In the spring of 1999, I was faced with the prospect of going insane or quitting my dead-end job at Cypress Solutions. Having never quit a job before, I had no idea how to write a letter of resignation. It was actually quite easy quitting my crap job. Please feel free to use the letter below as a template.
In the few short months I've been at Electronic Arts, I've learned some important lessons. I realized that while I was at Cypress Solutions, I was in a poisoned environment. From almost the very first day I was there, I received extremely poor treatment from management. I was not given a chance to succeed. I was not provided the resources necessary to be successful. Despite being very determined to learn and prosper at my job, the conduct in which Cypress Solutions operated, beat down my confidence and the faith in my own abilities. No one should ever let any company or boss put them in this situation. You should always have faith in yourself and in your own worth. Once anything starts eroding your own confidence, you should immediately seek out the source of the problem. Everyone deserves to be shown respect as a human being, whether you're the CEO of a Fortune 500 company or even if you clean washrooms at the mall. Never forget that.
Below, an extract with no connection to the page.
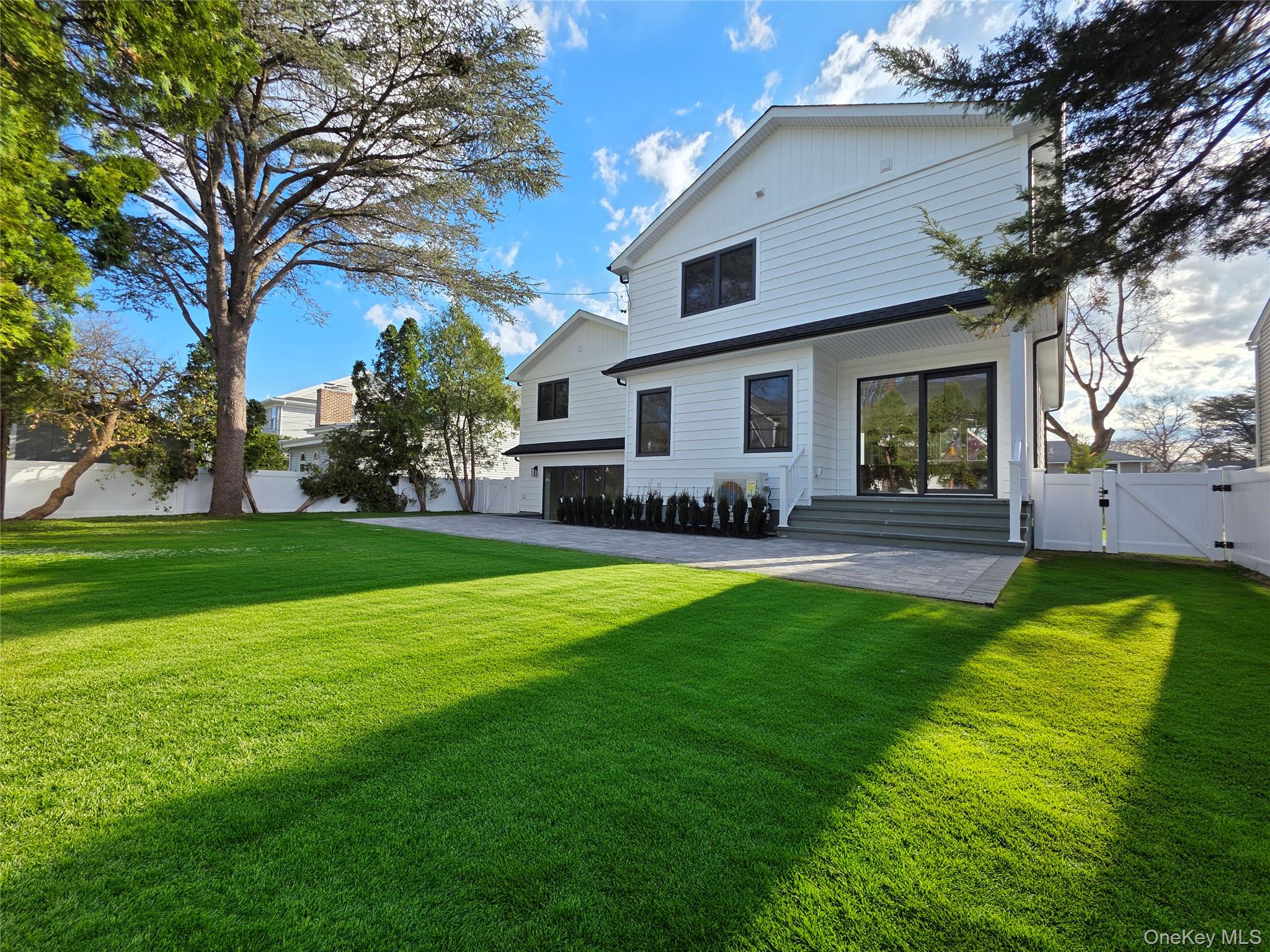 208 Wetherill Road Garden City, NY 11530 - Photo 34 of 34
Working at EA has restored my confidence and faith in my abilities. It has shown me that hard work, perserverance, and a determination to succeed are qualities that actually pay dividends. Another lesson I learned is the importance of a company giving their employees a chance to succeed. EA constantly provides training to their employees to accomplish tasks they've been given. They understand it is useless to make people do things when they don't know how to do them. This seems logical, but I can't tell you how many companies like Cypress Solutions, don't get this point.
If you don't like your job right now, you owe it to yourself to find a way out. There are companies out there, like EA, that are worth working for. You spend at least eight hours a day, 40 hours a week at work, don't you think you should be enjoying yourself when you're there? Remember, this isn't the fifties anymore where you punch into some dingy factory everyday. Everyone should be able to say, "I love where I work!" If you can't honestly say that right now, then I strongly suggest you examine what's wrong with your job. You might have to take some chances to get where you want to be, but this is the only life you have to live. When you're 70 yrs. old and look back at your life, will you be bitter at how it turned out? Or will you have the satisfaction knowing you took control of your life and shaped it to what you wanted it to be?
You may find reasons not to change your life or convince yourself to stay the course, but don't take the cheap way out. You owe it to yourself.